Suspect Howell Donaldson's iPhone data showed a "significant amount of Internet activity" close to the deaths in fall 2017, the Tampa Bay Times reported .

That detail emerged from more than 1,500 pages of investigative reports and audio recordings released late Friday by prosecutors in response to the paper's public records request. The records also described behavioral changes that troubled Donaldson's on-again, off-again girlfriend.

Police have previously acknowledged that they used Donaldson's cellphone to establish his location at the time of the killings, which began Oct. 9 and ended Nov. 14. Donaldson has been charged with four counts of first-degree murder, and prosecutors plan to seek the death penalty.

In a discussion of the adult site, police noted 269 "Internet activities" between Oct. 5 and Nov. 4. The website name is redacted. Donaldson's defense attorneys had objected to publicly releasing some investigative materials, including the website name.

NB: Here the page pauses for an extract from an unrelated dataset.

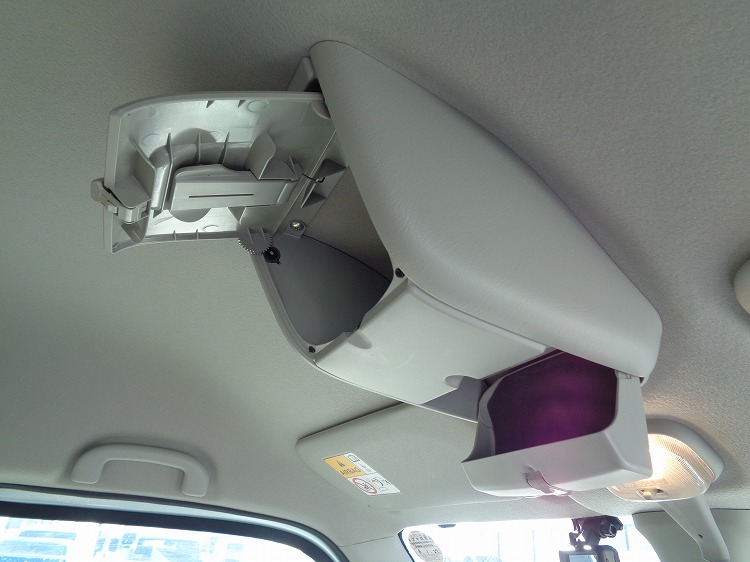 エブリイワゴン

In a warrant, a Tampa police sergeant described the site as a place where customers could view others in sexually themed situations and interact with models privately.

"In summary, Howell Donaldson showed a pattern of visiting this adult-themed website after committing three homicides," the warrant said.

The records also portrayed Donaldson, now 25, as a man whose behavioral changes had begun to trouble Nicole Minnis, who had been in a relationship with Donaldson that ended in 2013.

She told investigators he unexpectedly returned to Tampa in August 2017 and told her he had lost his job. On Nov. 11, he called from a hotel and said he needed a place to stay.

Documents said he stayed with Minnis and her mother, but they were shocked to see him in a McDonald's uniform with all his belongings in trash bags. He told them he was trying to get back on his feet.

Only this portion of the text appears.